O título é provocador e causador de reações, mas acredito que se escutarmos a canção toda percebe-se melhor aquilo que eu quis dizer. Há quem pense que “Black Man In a White World” é sobre raça, mas não: é sobre identidade. Parece uma canção zangada e até ofensiva, agressiva. Mas é bom ter esse tipo de sentimentos nas músicas. A música é entretenimento, mas também é arte, ou seja é provocativa, mexe com as emoções.
“Por exemplo: tenho-me inspirado muito em nomes como Kendrick Lamar e noutros artistas de hip hop, provocativos. Outros exemplos disso são aquilo que o Kanye West e o Frank Ocean fizeram há uns anos”

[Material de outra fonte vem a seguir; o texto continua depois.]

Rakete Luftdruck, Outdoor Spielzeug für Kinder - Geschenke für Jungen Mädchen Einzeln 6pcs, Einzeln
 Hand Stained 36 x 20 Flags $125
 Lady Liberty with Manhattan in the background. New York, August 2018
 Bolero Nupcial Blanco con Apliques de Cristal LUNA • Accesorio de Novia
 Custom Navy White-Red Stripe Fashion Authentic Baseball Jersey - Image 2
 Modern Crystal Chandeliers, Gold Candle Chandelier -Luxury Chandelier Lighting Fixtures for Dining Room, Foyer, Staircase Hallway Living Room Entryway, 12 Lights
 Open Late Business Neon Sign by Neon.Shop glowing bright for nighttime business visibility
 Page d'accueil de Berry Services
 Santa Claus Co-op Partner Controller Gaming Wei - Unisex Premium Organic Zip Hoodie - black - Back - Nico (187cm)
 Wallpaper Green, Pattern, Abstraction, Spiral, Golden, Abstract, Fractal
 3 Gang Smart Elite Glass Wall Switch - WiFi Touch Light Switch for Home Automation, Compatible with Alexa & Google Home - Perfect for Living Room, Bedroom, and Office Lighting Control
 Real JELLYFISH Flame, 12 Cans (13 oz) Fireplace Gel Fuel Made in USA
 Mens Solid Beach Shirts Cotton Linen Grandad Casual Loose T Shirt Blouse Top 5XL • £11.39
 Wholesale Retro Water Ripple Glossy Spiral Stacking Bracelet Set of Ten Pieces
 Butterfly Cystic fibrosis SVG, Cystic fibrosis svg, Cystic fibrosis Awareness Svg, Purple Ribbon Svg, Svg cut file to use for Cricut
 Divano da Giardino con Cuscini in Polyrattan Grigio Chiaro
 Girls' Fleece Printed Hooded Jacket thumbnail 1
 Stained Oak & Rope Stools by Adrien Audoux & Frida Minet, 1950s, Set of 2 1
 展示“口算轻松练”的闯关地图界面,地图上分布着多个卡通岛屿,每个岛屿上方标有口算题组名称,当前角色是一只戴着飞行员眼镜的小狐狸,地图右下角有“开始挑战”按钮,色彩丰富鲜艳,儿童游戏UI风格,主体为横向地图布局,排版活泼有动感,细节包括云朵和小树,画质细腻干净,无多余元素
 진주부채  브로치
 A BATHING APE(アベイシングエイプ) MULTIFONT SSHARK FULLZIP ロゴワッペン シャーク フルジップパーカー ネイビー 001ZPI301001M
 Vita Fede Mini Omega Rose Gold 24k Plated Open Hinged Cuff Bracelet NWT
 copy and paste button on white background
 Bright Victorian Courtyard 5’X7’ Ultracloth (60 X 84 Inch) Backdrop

A música tem-se tornado mais entretenimento e menos arte?
Na verdade, creio que não. Hoje há mais das duas coisas. Por exemplo: tenho-me inspirado muito em nomes como Kendrick Lamar e noutros artistas de hip hop, provocativos. Outros exemplos disso são aquilo que o Kanye West e o Frank Ocean fizeram há uns anos.
O hip hop é um género que te provoca? Gostavas de te aproximar mais ao hip hop?
Não sinto uma ligação a esse ponto. Adoro vozes e canções. Sou mais influenciado pelo hip hop pela emoção e pela energia. Ouço muitos discos de hip hop para apanhar sonoridades e inspirar-me a ter uma frescura nas canções.